Data for this task START

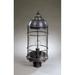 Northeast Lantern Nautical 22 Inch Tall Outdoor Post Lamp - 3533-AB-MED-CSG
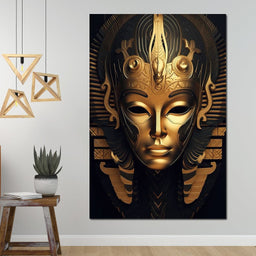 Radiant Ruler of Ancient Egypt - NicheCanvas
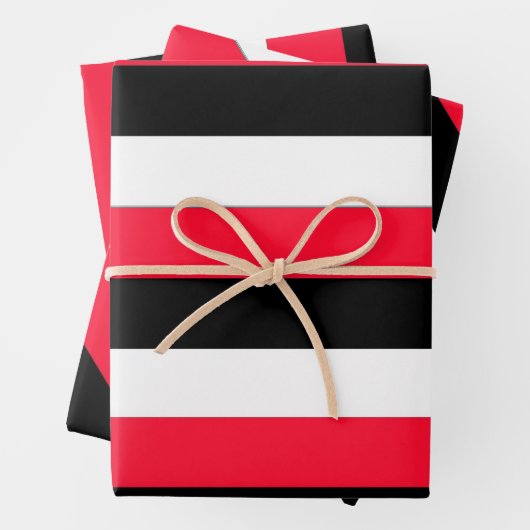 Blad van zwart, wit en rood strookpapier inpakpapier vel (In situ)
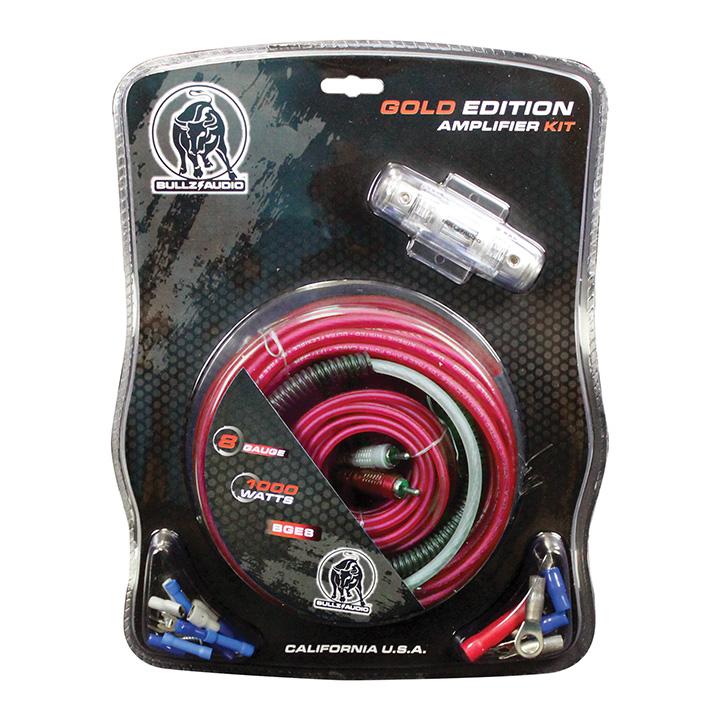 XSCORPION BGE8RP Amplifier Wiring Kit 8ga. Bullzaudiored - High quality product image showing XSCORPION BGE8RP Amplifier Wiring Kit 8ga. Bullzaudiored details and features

Data for this task END
Data for this task START

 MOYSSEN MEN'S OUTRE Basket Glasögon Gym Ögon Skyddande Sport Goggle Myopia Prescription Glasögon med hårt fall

Data for this task END
Data for this task START

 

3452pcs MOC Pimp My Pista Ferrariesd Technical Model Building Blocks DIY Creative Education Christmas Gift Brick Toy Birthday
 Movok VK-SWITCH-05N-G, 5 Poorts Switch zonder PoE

Data for this task END

#### Assignment:
Reproduce the listing above from the line that holds "Northeast Lantern Nautical" through the line that holds "XSCORPION BGE8RP Amplifier Wiring Kit 8ga. Bullzaudiored - High", both included, with the pictures left out.

#### Answer:
 Northeast Lantern Nautical 22 Inch Tall Outdoor Post Lamp - 3533-AB-MED-CSG
 Radiant Ruler of Ancient Egypt - NicheCanvas
 Blad van zwart, wit en rood strookpapier inpakpapier vel (In situ)
 XSCORPION BGE8RP Amplifier Wiring Kit 8ga. Bullzaudiored - High quality product image showing XSCORPION BGE8RP Amplifier Wiring Kit 8ga. Bullzaudiored details and features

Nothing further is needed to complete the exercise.